Israel asked the Red Cross on Thursday to help recover the remains of two soldiers killed in Gaza, Israeli officials said.
They said the request was made to Peter Maurer, president of the International Committee of the Red Cross (ICRC), who met Israeli Prime Minister Benjamin Netanyahu and Defence Minister Moshe Yaalon during an Egyptian-mediated truce that has temporarily halted the war in the Palestinian enclave.
Israel has lost 64 soldiers in the fighting, among them Shaul Oron and Hadar Goldin, who went missing on July 20 and on August 2 respectively.
Israeli authorities later declared them dead based on forensic findings. Israel says it does not know where Oron's body is but that the army recovered Goldin's partial remains, allowing his family to hold a funeral.
Hamas said hours after Oron's disappearance it had captured him alive, publishing his name and military identification number but no photographs. While acknowledging that its men ambushed Goldin's unit, Hamas says it has no information on his whereabouts.
An ICRC spokeswoman, Cecilia Goin, declined to confirm or deny the Israeli request.
"What we do normally, in every case of armed conflict, is offer our services to faciliiate the transfer of mortal remains. But we don't discuss publicly any specific case," she said.

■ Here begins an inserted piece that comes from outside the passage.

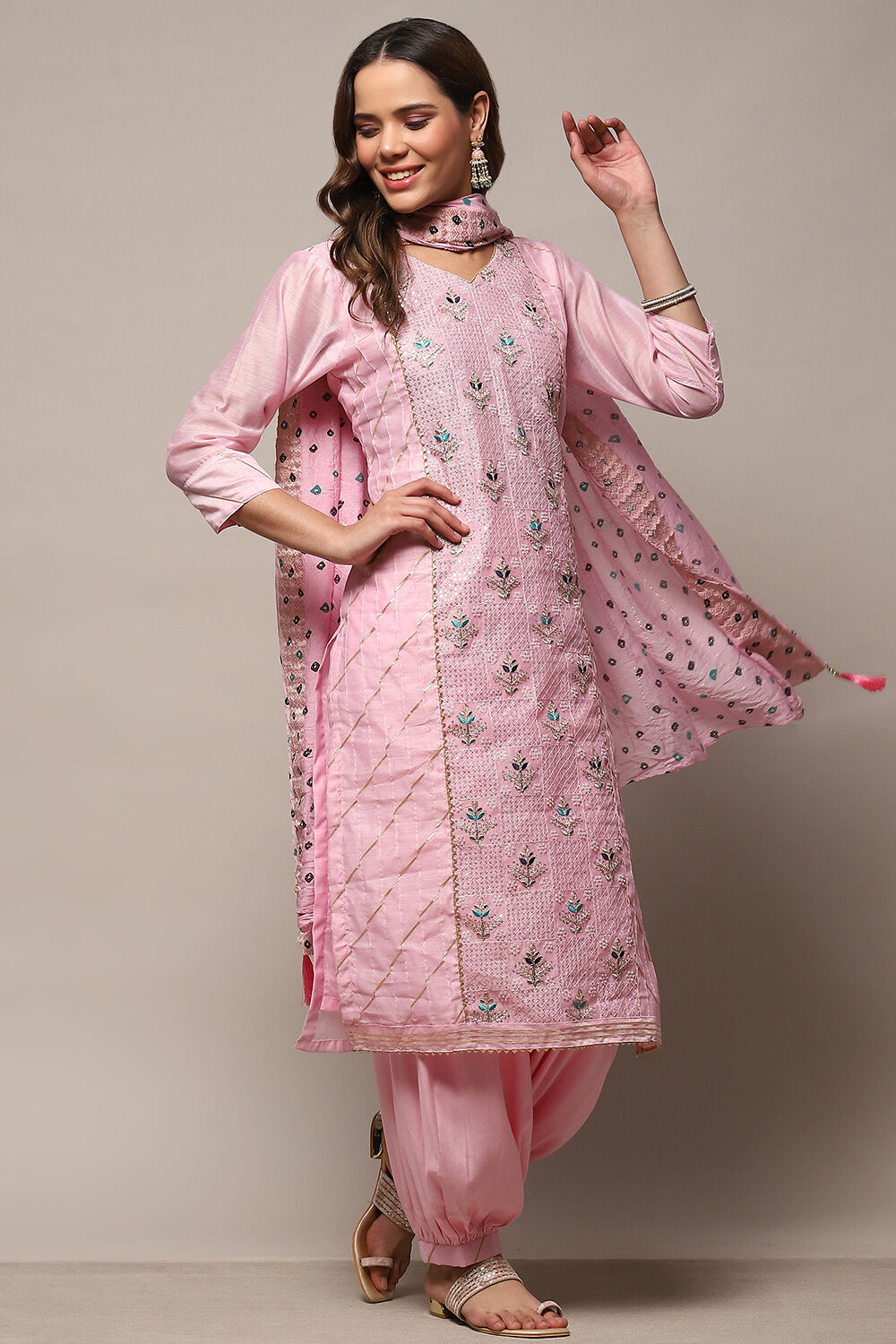 Pink Modal Unstitched Suit Set image number 1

A Hamas spokesman, Sami Abu Zuhri, declined to comment other than to say: "Such matters are handled in special channels, and of course not through the media, as Netanyahu knows full well."
In the past, Israel has twice released Arab prisoners in exchange for the bodies of soldiers slain by the Lebanese group Hezbollah. Israeli authorities have shown unwillingness to bargain for Oron's and Goldin's remains.
"Hamas is certain that abducting a soldier is our soft underbelly," security cabinet minister Tzipi Livni said on Saturday. "The less we expose this belly, the less they will try to abduct soldiers in the future. We need to make this clear."